Что ж, я должна самой себе признаться: я многого не додала ребятам в те годы. Это я поняла позднее, когда они, уже совсем взрослые люди, стали приносить мне свои дневники, и кое-кто присылал написанные не тотчас после войны воспоминания. Даже в этих, набросанных уже взрослыми людьми строках вспоминается, например, красота природы вокруг санатория Мцыри, бывшего имения бабушки Лермонтова. О том, что там еще жила и дышала лермонтовская эпоха, – ни полслова. Значит – моя вина. Я ведь наизусть помнила, как помню и сейчас, многое из Лермонтова. Значит – я не собрала своих ребят во Мцыри, не посадила их в кружок, не прочла лермонтовских стихов, не сказала: сначала послушайте музыку слов, потом я переведу вам смысл… Я не читала им Пушкина на площадке Генуэзской башни. И не успевала, да и казалось мне – они должны быть как все, так быстрее усвоят язык, так им будет легче. На душе у меня было спокойно за них: их всех любили, к ним были внимательны, значит – с ними все хорошо. Если, конечно, не считать войны… Помнится, позднее, в Сталинграде, где мы в эвакуации жили в больших классах одной из школ, я вслух для всех обитателей одного из таких классов-комнат читала по-русски избранные мной самой места из «Педагогической поэмы» – чуть ли не единственной книжки, которая была у нас тогда. Читала по-русски, и только вскользь, по просьбе моих ребят останавливалась, чтобы перевести непонятные слова – мне казалось, они уже все понимают, в том числе прелесть «Педагогической поэмы». Понимают, значит – все в порядке. Да еще заставляла их писать диктовки, составленные из самых обиходных фраз, объясняла произношение и правописание и даже, помнится, ставила оценки: никогда не меньше четверки. Мне казалось – зачем же огорчать их тройками и двойками, ведь они и так просыпаются каждое утро с мыслью: война…
«Если бы юность умела, если бы старость могла» – вот уж верно и на все случаи жизни сказано.
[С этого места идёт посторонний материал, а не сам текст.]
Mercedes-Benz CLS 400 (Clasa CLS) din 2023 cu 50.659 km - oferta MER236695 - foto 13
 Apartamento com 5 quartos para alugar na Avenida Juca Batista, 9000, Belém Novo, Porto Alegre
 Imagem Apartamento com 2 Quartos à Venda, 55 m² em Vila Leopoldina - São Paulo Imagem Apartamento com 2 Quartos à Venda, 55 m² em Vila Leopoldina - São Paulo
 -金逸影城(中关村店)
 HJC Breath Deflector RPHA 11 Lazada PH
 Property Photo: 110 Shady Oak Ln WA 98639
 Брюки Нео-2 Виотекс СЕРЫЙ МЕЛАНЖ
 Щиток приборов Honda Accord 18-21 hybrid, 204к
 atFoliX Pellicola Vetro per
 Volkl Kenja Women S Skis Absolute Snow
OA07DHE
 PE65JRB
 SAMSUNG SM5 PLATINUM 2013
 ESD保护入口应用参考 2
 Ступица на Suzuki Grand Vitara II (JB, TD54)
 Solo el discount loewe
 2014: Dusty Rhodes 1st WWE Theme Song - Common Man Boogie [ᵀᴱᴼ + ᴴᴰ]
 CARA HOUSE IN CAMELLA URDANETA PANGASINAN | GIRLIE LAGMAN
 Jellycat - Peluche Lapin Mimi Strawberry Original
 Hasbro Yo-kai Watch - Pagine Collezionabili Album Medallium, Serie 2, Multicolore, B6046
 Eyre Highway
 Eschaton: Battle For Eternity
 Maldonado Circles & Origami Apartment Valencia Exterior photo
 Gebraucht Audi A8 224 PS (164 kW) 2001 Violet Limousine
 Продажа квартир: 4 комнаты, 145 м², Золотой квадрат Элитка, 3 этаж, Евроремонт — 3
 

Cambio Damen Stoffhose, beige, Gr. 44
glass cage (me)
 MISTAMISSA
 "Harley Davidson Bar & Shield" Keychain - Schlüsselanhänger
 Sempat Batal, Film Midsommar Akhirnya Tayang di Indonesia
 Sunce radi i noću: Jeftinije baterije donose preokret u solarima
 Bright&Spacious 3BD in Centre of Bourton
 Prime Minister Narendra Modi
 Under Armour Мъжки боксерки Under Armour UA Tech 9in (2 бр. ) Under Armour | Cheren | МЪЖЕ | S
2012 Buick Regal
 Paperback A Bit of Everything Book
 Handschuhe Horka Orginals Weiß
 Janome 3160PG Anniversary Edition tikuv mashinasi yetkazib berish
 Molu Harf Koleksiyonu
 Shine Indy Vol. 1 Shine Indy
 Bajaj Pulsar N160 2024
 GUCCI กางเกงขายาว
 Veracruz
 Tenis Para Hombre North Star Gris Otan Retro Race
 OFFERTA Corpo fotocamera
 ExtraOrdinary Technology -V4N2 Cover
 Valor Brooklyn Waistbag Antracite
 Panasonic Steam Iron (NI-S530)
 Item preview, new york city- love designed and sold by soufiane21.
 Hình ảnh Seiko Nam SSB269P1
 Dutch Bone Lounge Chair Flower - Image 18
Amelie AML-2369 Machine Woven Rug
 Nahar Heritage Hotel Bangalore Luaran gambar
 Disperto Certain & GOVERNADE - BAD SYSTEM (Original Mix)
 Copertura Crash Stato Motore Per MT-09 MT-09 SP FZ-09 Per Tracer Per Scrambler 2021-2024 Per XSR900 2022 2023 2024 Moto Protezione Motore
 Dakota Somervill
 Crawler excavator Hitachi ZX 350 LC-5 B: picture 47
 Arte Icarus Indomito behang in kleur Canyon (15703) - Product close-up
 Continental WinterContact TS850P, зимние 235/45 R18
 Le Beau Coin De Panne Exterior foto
Я бы сейчас собрала моих ребят в кружок, я бы почитала им Лермонтова и Пушкина, Ахматову и Бунина, я бы рассказала им все с азов, все – с самого начала, пусть бы они в подлиннике услышали от меня лучшее из русской литературы…
Я того не сделала, или – сделала мало.
Сейчас, конечно, их уже не соберешь для того, чтобы – смешно! – почитать вслух: они давным-давно прочли все в переводах. И я не уверена, что послевоенные переводы были достаточно хороши. И не уверена, что они в полной мере постигли этот важный пласт общечеловеческой культуры – русскую литературу.
Вместо того, чтобы образовывать, я жалела их. И потому они пишут в дневниках: мы шли и шли до изнеможения, ручки чемоданов врезались в пальцы, Нина подбадривала нас, и потому мы шли снова…
Я любила их. И потому они скучали, когда я отлучалась, и обижались, когда их снова разделили по отрядам, а я стала отрядной вожатой не только для них.
Я гордилась ими – они всегда были аккуратными и в общем дисциплинированными и этим задавали тон многим. Они были довольны, когда я ставила их в пример другим.
Однако же как этого мало!
И как они благодарны – даже за эту малую малость они так много лет по-доброму помнят меня.
Право, если бы вдруг вернуть только один день из тех трудных дней, я бы постаралась сделать многое из того, что тогда упустила. Но – упаси Боже! – вернуть не только нельзя, но и не надо, потому что каждый из тех дней был днем войны…
И поэтому мне теперь ничего не прибавить, не убавить.
Они утоляли свою духовную жажду приблизительным пересказом сказок, сказаний, легенд и стихов на родном языке.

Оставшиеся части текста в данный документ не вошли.